It's all about fuel cell technology.
It’s not like Toyota was ever the industry leader in electric vehicles. What it did, however, was pave the way forward for mainstream hybrids. Toyota previously signed an agreement with Tesla for it to supply batteries and other essential technology to turn the RAV4 into an EV. However, that partnership has now come to an end. Instead of extending it with the current-gen RAV4, or any other model for that matter, Toyota prefers to focus on hybrids, plug-in hybrids and fuel cells.
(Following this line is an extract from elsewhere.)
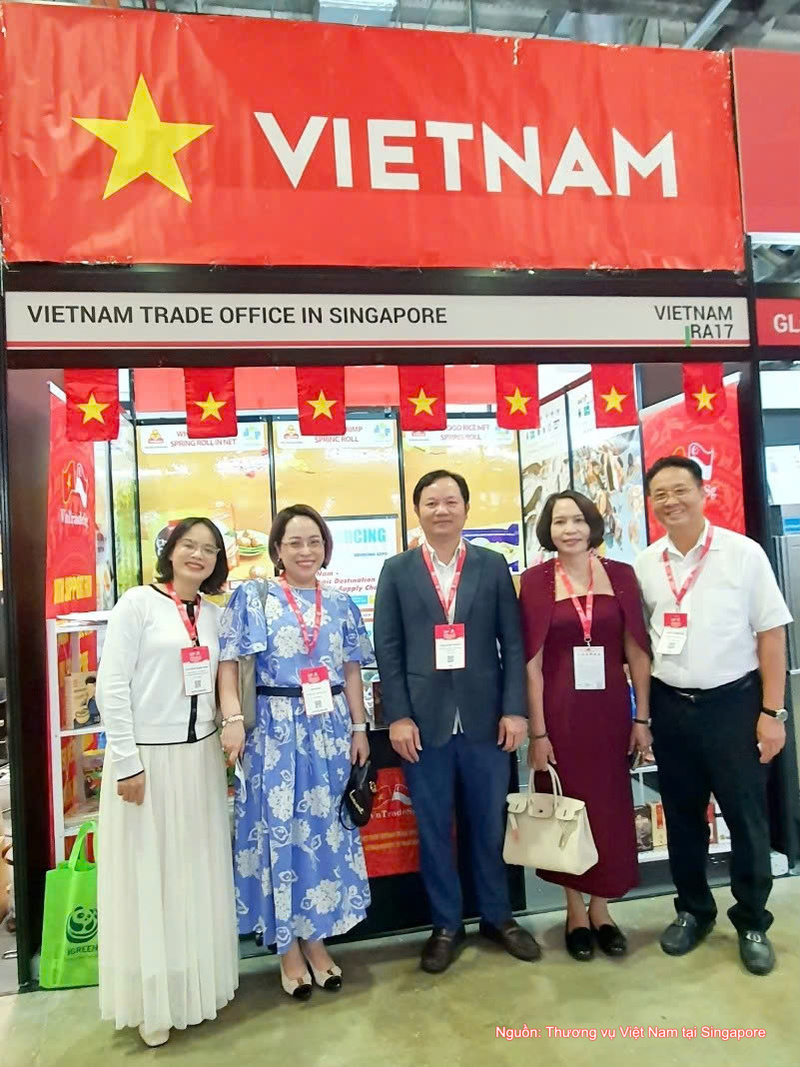 Ông Cao Xuân Thắng, Tham tán Thương mại Việt Nam tại Singapore (thứ ba từ trái sang).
Toyota has made clear that it doesn’t see EVs as a viable and mainstream form of mass transportation. It only views EVs in "a select way, in short-range vehicles that you take you that extra mile, from the office to the train, or home to the train, as well as being used on large campuses." Those are the words of Toyota North America CEO Jim Lentz. Interesting, considering Tesla has proven that an EV can be an effective daily driver – as long as supercharging stations are readily available. Toyota is keener to get fuel cell technology moving. It has already committed to the construction of a fuel cell infrastructure in the state of California.
And that’s likely just the beginning. California seeks to have some 50 refueling stations operational by the end of 2016. Toyota thinks 68 is the required number in order to satisfy its hopeful fuel cell customers. Either way, don’t expect a Prius EV, or any other EV, from Toyota anytime soon, if ever.